> [Description of the task]
What lines below contain the word "Wooden"? Please pull each one out.

> [Provided records]
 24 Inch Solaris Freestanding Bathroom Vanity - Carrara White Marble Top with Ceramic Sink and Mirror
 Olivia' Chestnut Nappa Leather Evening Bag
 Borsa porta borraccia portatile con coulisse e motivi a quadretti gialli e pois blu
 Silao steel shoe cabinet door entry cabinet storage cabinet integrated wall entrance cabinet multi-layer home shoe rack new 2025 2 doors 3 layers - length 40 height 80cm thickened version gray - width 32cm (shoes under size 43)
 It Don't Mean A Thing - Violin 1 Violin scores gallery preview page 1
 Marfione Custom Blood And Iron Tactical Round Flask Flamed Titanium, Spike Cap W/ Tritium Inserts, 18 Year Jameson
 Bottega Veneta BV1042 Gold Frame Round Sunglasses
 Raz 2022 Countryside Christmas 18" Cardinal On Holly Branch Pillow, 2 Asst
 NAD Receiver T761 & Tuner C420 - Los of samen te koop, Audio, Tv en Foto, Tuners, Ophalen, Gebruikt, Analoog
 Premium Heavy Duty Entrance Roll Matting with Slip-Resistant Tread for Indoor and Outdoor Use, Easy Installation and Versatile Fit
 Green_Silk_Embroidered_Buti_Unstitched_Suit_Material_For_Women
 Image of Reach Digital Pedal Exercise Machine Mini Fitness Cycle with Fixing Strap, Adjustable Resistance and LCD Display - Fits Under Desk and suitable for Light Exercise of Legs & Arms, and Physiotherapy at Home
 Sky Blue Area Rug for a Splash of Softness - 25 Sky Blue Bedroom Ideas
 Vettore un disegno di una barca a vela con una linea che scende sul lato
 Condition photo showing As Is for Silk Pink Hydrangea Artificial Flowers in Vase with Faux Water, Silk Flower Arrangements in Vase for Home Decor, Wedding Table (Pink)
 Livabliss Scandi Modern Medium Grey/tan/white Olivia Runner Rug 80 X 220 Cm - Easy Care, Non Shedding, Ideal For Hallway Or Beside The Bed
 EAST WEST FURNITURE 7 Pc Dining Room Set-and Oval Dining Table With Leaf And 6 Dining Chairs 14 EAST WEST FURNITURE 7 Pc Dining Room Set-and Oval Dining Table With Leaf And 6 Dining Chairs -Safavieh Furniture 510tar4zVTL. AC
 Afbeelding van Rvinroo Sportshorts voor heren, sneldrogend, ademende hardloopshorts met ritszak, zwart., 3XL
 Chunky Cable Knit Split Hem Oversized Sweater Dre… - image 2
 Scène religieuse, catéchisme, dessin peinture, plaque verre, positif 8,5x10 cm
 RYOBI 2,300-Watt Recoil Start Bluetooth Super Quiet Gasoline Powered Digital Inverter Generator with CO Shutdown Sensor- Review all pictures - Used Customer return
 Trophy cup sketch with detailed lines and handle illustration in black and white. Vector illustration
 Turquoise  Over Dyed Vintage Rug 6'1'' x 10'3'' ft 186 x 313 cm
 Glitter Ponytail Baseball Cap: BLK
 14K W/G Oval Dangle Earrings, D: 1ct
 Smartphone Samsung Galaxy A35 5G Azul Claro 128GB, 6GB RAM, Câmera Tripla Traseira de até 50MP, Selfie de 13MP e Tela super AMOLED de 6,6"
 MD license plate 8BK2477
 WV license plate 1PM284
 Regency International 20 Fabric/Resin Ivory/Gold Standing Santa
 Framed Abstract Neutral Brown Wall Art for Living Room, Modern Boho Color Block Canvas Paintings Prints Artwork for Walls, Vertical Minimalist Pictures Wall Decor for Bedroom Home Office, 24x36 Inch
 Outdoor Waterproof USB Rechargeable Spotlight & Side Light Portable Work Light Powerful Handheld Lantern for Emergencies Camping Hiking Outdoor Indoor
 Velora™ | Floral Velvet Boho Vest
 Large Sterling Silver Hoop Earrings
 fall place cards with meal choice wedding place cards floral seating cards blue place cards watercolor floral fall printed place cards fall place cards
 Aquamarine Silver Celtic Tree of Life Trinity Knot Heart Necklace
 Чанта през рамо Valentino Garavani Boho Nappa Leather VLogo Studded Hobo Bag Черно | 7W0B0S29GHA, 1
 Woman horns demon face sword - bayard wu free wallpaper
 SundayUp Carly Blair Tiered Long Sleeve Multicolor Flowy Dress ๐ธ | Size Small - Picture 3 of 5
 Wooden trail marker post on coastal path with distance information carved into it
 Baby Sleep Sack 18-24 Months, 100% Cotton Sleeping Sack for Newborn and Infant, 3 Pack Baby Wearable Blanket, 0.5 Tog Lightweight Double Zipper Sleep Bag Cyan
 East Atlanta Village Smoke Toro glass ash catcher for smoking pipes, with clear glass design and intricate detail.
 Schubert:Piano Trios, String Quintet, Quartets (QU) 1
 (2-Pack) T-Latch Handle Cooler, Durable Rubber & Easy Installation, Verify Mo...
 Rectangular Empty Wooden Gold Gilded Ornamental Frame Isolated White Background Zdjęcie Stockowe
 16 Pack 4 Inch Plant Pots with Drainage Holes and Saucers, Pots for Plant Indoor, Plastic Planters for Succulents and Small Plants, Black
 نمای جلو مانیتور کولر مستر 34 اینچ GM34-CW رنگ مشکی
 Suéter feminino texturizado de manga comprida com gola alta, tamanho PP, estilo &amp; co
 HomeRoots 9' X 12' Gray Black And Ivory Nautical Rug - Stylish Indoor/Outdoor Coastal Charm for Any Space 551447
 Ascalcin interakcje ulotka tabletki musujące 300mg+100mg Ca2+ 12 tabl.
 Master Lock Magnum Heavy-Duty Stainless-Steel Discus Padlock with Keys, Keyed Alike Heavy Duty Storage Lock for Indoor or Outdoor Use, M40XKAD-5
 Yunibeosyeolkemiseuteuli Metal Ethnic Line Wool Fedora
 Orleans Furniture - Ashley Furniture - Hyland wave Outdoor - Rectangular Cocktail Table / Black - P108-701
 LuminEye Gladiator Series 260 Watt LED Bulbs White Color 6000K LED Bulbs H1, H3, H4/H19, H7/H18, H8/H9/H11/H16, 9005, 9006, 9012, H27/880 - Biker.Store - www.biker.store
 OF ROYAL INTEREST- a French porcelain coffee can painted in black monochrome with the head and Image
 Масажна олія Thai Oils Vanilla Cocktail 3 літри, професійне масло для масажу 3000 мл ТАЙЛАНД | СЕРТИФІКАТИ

> [Solution to this problem]
 Wooden trail marker post on coastal path with distance information carved into it
 Rectangular Empty Wooden Gold Gilded Ornamental Frame Isolated White Background Zdjęcie Stockowe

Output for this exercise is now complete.